Concurrency is a statement about a _duration_ of time. Parallelism is a
statement about a _moment_ in time.

During a one second window, did both of the tasks execute? If yes, then they
are concurrent. If no, then they are not concurrent in that window.

Was there any moment in time when both tasks executing simultaneously? If yes,
then they executed in parallel. If no, then they did not execute in parallel.

From this, it's easy to see that if something is parallel, it must also be
concurrent - in order for two tasks to execute during the same moment in time,
they must also both have executed during a window of time.

Concurrency without parallelism happens on machines with a single core.
Processes and threads must time-share the only core. Frequently, some of these
processes will have multiple threads, so the threads need to synchronize with
each other, even though they don't execute at the same time.

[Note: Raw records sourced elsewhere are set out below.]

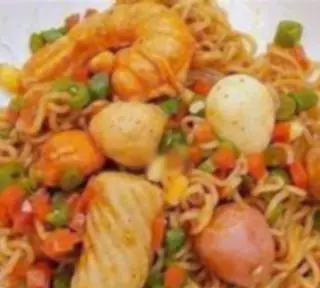 Hình ảnh Mì trộn thập cẩm (2 gói) tặng coca tươi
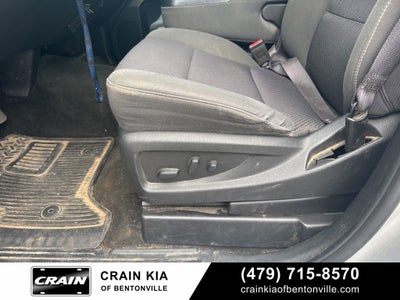 2017 Chevrolet Silverado 1500 LT - LIFTED! / CLEAN CARFAX / 4WD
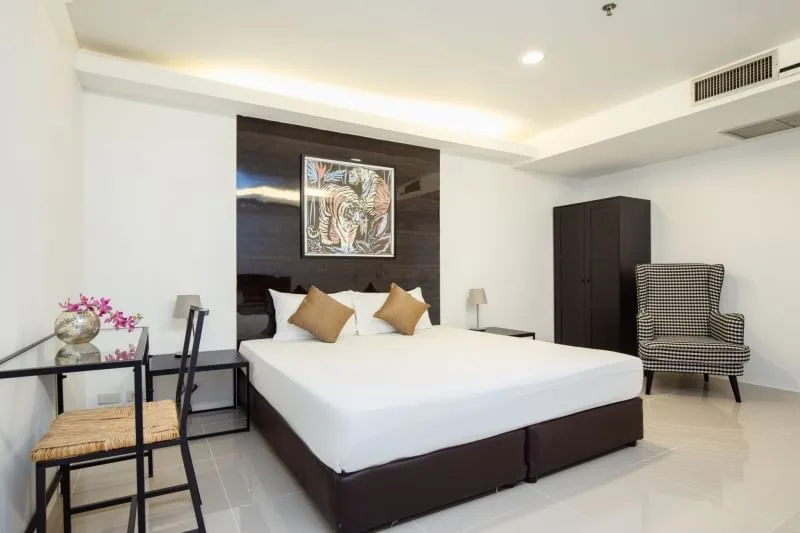 Property photos for The Waterford Diamond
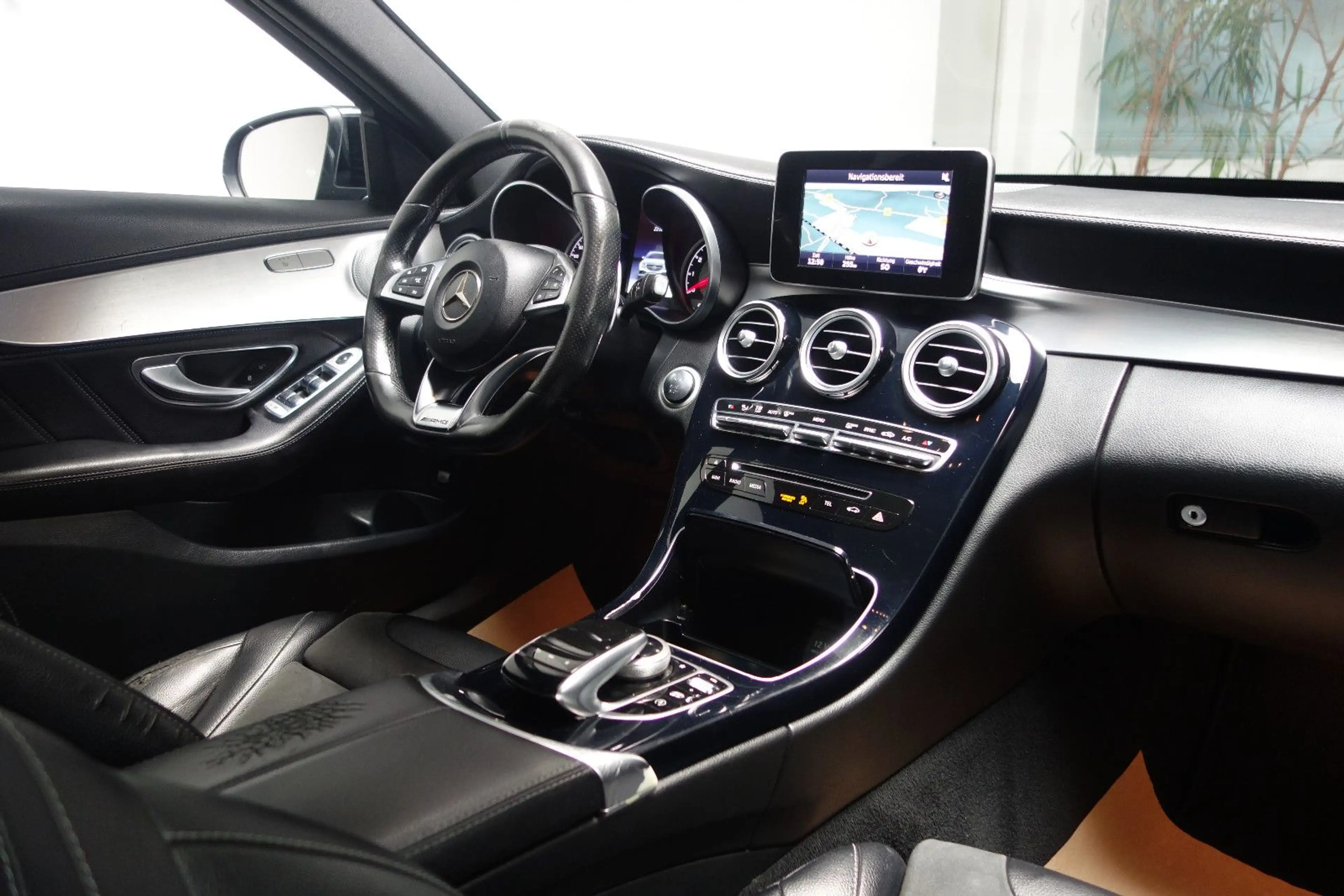 Mercedes-Benz C 63 AMG C63 AMG Performance Lim. Pano/Klappenauspuf/19Zo — photo 12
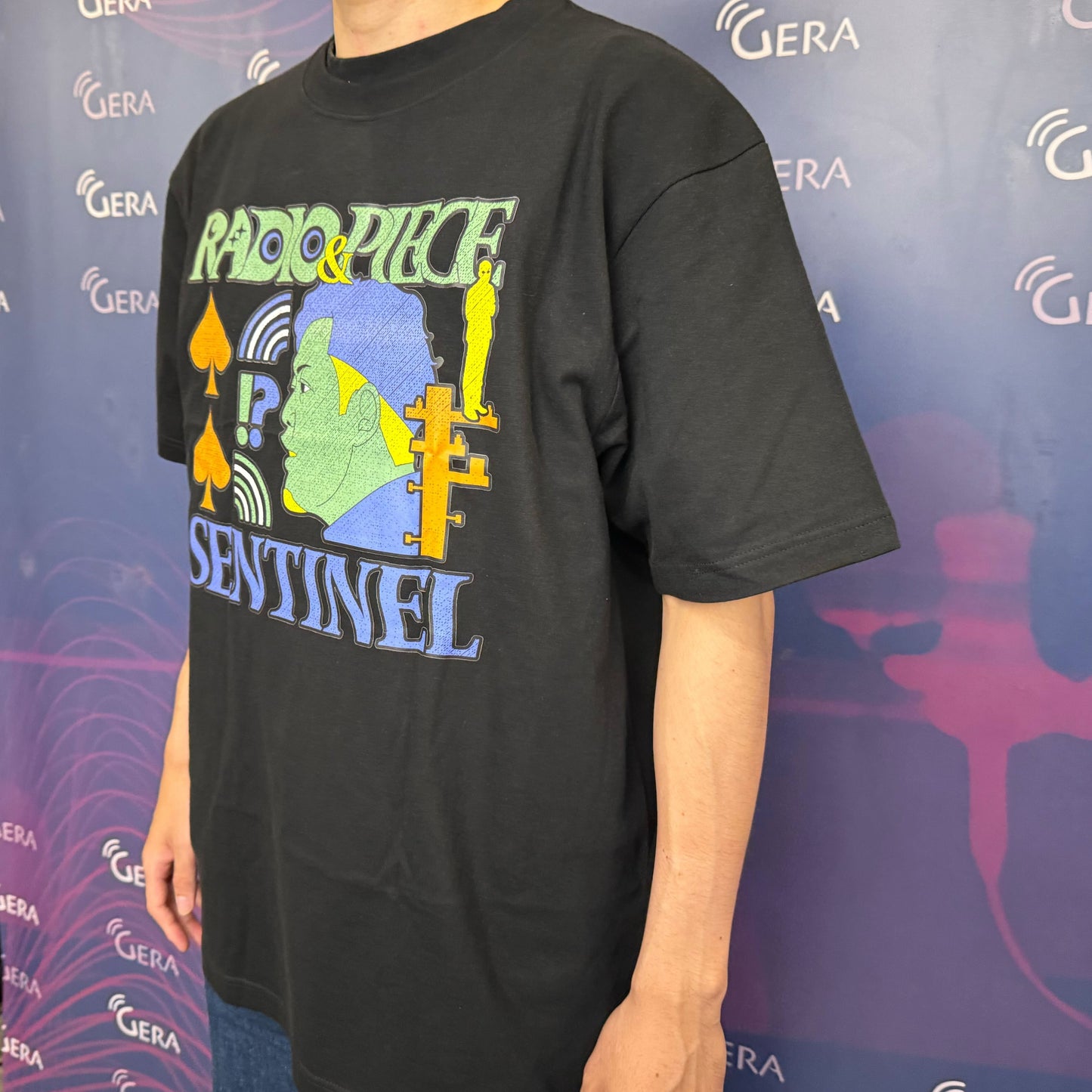 【センチネルのラジオ&ピース】スピ大誠 Tシャツ(受注製造)-GERA公式グッズ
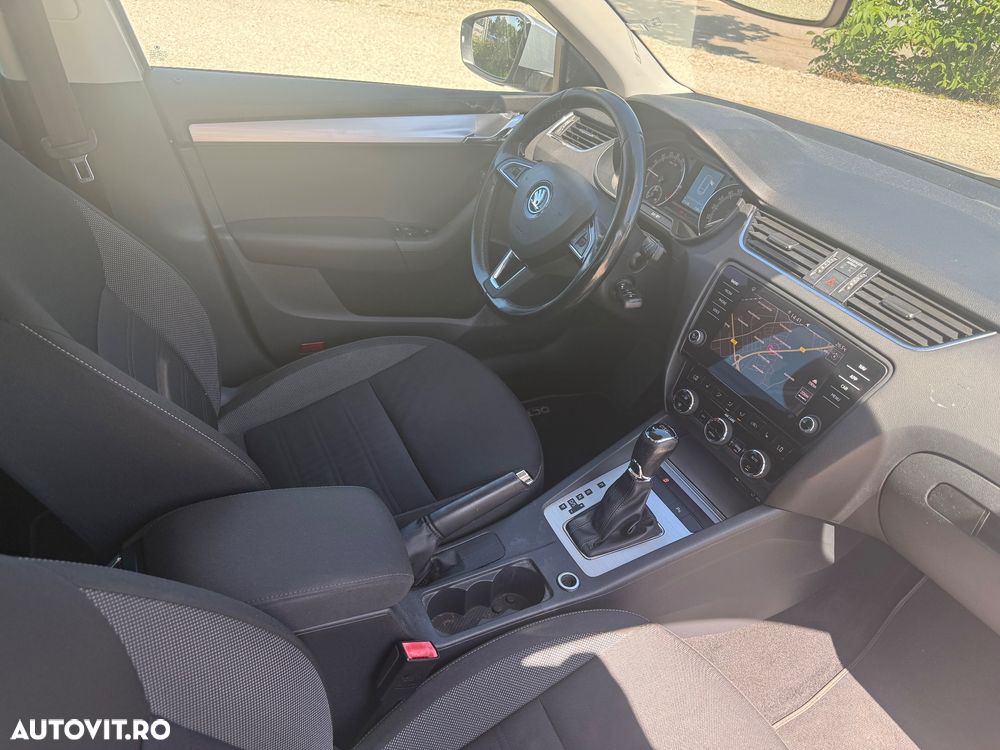 Skoda Octavia 2.0 TDI DSG Drive - 7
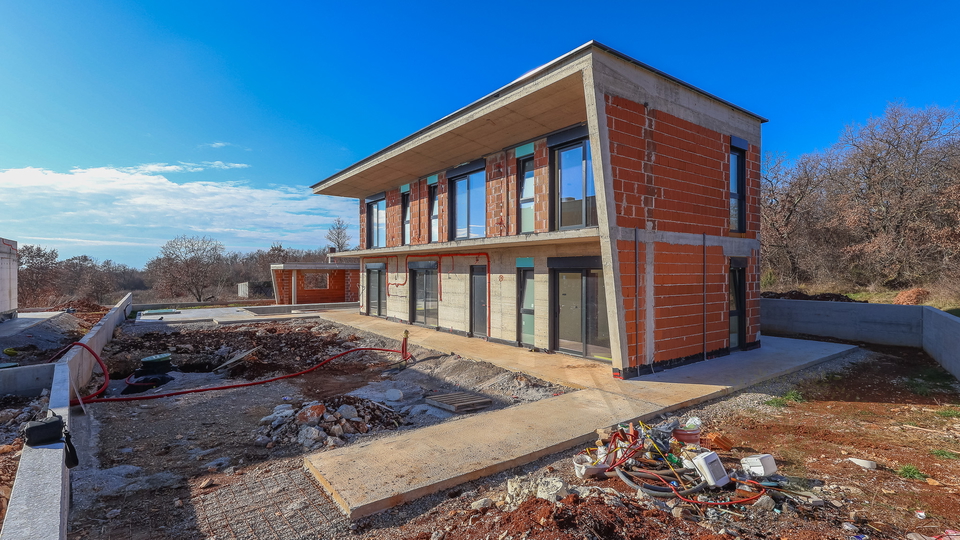 EXCLUSIVE MODERNE VILLA IN RUHIGER LAGE BEI PORE&Ccaron;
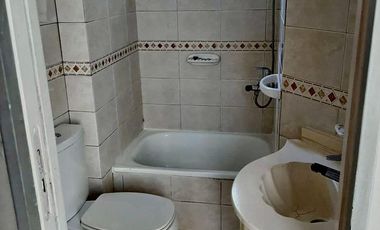 Semipiso en Duplex sobre la Avda, a mts del FCGR y de Escalada Centro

Concurrency and parallelism implies non-deterministic interleavings of threads
and processes, but whether or not the result is deterministic is up to how we
program.

------
danbruc
In my opinion the article is somewhere between missing the point and plain
wrong.

Concurrency is a property of a set of tasks describing dependencies among
these tasks. Think of it as a graph with a vertex for each task and an
directed edge between two tasks if one task depends on the other tasks result.
Two tasks are concurrent if there is no dependency between them. Concurrent
task can be executed in parallel, but do not have to. Two non-concurrent tasks
can not be executed in parallel,

Parallelism occurs during runtime when independent task are actually executed
at the same time (no matter if you do this on two cores or if you are just
interleaving the execution of both tasks on one core). Executing two tasks in
parallel requires that these two tasks are concurrent.

Example

Two (read-only) web requests are concurrent because there are no dependencies
between them. Each web request consists of some subtasks like parsing the
request, querying the database, performing some business logic and building
and sending the response. These subtasks are not concurrent because each one
depends on the result of the one before.

There are now (at least) two options for processing these both web requests -
one after the other or both in parallel. In the first case you ignore the
concurrency between both web request, in the second case you exploit the
concurrency between both web request by parallelizing their execution.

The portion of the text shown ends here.